George W Gerrity <[EMAIL PROTECTED]>:

> This correspondence thread (and others) has raised a question in my 
> mind that someone may be able to answer. It appears that a LOT of 
> problems could  be settled if a better locale environment standard 
> for *UNIX* (and clones) were to be put in place. I have in mind the 
> sort of structures that are inherent in the old Macintosh system, 
> where a locale environment included a set of keyboard mappings and 
> input methods, country and language codes, methods of writing dates 
> and time, and collating sequences.
> 
> Of course, in a *UNIX* (POSIX) OS, the structure would be a set of 
> methods associated with a locale environment, maybe like the 
> localisation structures in Java Text classes.
> 
> The question is -- is there anyone working on standardising this 
> aspect so that it IS meaningful to query environment variables and 
> expect to get the relevant information?

This sounds a bit like moving from TERM to TERMCAP.
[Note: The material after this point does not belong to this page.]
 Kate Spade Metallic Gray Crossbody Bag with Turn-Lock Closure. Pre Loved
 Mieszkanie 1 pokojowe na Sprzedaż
If I remember correctly, TERM holds the name of a terminal, so
applications have to look up the capabilities of the terminal in some
sort of database: bad luck if it's not there. TERMCAP, on the other
hand, describes the capabilities of the terminal using a long string
of gibberish, so you don't need the database.

So, what you're suggesting is that instead of having an environment
variable LANG (LC_CTYPE, etc) that just names the locale, you have an
environment variable that completely describes the locale, so you
don't need to worry about local and remote systems refering to
possibly inconsistent databases (sets of installed locales).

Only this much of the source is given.